Oleh: Sadrak L. Wutres (Mahasiswa Magister Sejarah UGM)
Pada momen peringatan 90 tahun Gereja Protestan Maluku (GPM), saya tergerak untuk bertanya: sejauh mana gereja yang lahir dari rahim sejarah ini benar-benar memberi dampak nyata bagi umatnya? Pertanyaan itu membawa saya menelusuri jejak perjalanan GPM, dari masa krisis ekonomi 1930-an, pendudukan Jepang, awal kemerdekaan, hingga konflik sosial 1999. Saya percaya, GPM adalah gereja yang dibentuk di tengah badai krisis, dan karena itu pula ia ditempa untuk tangguh.
Krisis Ekonomi 1930-an
Ketika GPM resmi berdiri sebagai gereja mandiri pada 6 September 1935, dunia tengah diguncang depresi ekonomi. Banyak yang bertanya: mengapa kemandirian justru diputuskan di saat yang sulit? Jawaban saya, justru karena krisis itulah GPM ditempa untuk berani mandiri. Dalam arsip-arsip yang saya temukan, Sidang Proto-Sinode IV tahun 1934 memutuskan pendirian perkebunan jemaat. Tujuannya jelas: menopang hidup pendeta, membantu jemaat yang kekurangan pangan, dan bila ada lebih dijual untuk kas jemaat. Namun kenyataannya, GPM belum sepenuhnya lepas dari subsidi Belanda.
Dalam tulisannya H. Kraemer, De Huidige Stand Van Het Christendom In Nederlandsch-Indié (‘S-Gravenhage: Boekencentrum Nv., 1937) sebagaimana dikutip dalam disertasi Johan Robert Saimima, Nasionalisme Indonesia Masyarakat Kristen Maluku, 1935-1966: Perlawanan GPM terhadap RMS mencatat bahwa, pada 1932 gereja masih menerima ƒ1.248.637, dan pada 1936 turun drastis menjadi ƒ685.900 untuk membayar gaji 43 pendeta, 31 pendeta pembantu, dan 7 guru agama.

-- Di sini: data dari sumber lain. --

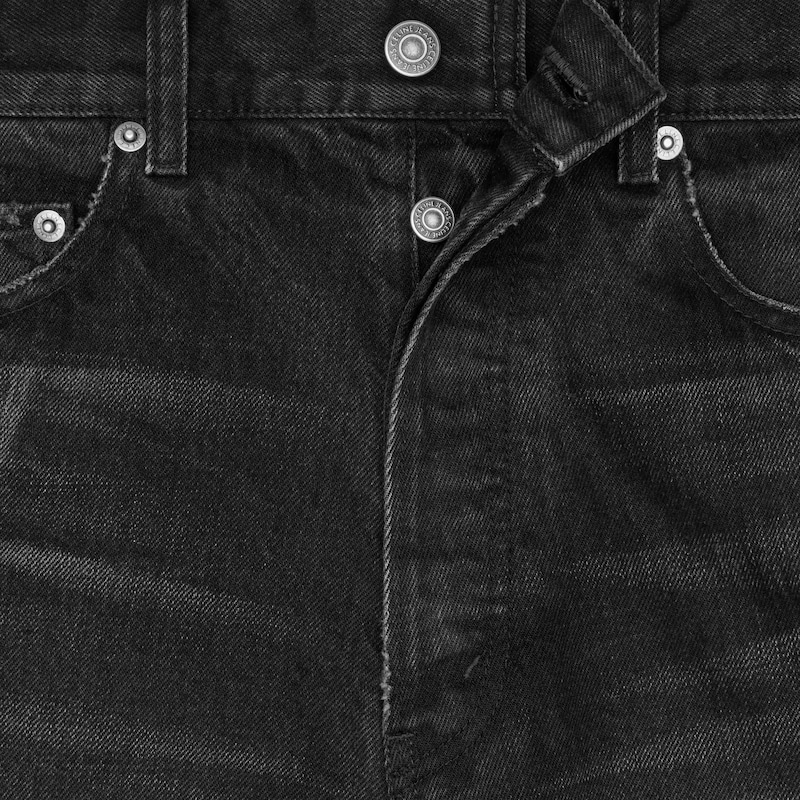 jean boyfriend 001 en denim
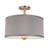Smeralda Semi Flush Mount-47838454-33199218-47838457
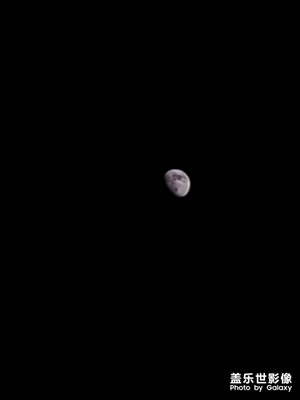 【不負(fù)好春光】+眼里的春天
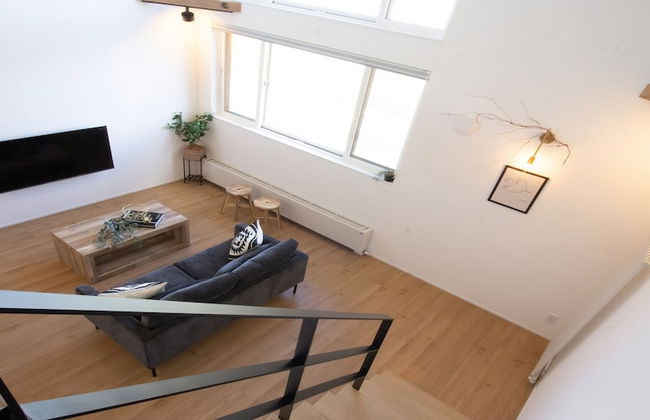 Yadoya YADOKARI 2nd - Foto 23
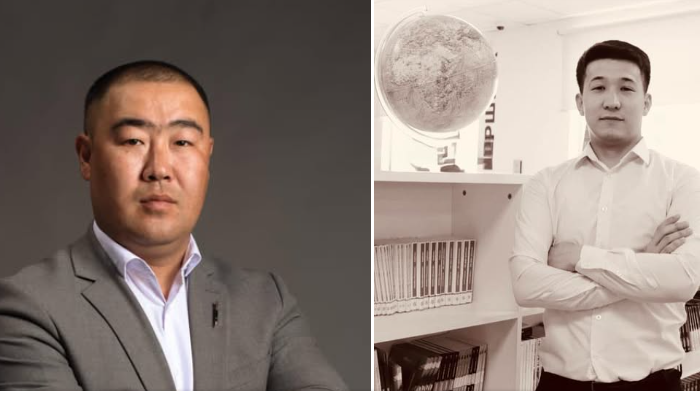 В ЗКО утонули двое учителей, спасая тонущую девочку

Meski begitu, saya melihat kekuatan utama GPM justru ada pada jemaatnya. Laporan keuangan di Klasis Lease memperlihatkan betapa konsistennya pemasukan dari kolekte, sumbangan, hingga uang katekisasi. Data Jemaat Itawaka misalnya tahun 1923 pada bulan januari menunjukkan pemasukan bulanan sebesar ƒ9.646 gulden, tidak hanya di tahun tersebut, bahkan tahun-tahun setelahnya, dengan sistem pelaporan keuangan yang sangat lengkap. Bagi saya, inilah bukti bahwa persembahan jemaat menjadi pilar kehidupan gereja sejak awal.
Masa Pendudukan Jepang
Ketika Jepang menduduki Maluku (1942–1945), semua pendeta Belanda ditawan. Kepemimpinan lalu diambil alih pendeta lokal: Pdt. F. Siwabessy (1942–1943) dan kemudian Pdt. S. Marantika (1943–1946). Saya menilai inilah titik balik penting: GPM mulai dipimpin penuh oleh orang Maluku sendiri. Tetapi masa itu juga dipenuhi derita. Van den End mencatat lebih dari 150 pendeta dan penginjil dibunuh. Di Emplawas, Klasis Babar Timur, lebih dari 700 jemaat tewas. Di Buru Selatan, seperti ditulis Edison Hukunala, kekerasan juga merenggut banyak nyawa.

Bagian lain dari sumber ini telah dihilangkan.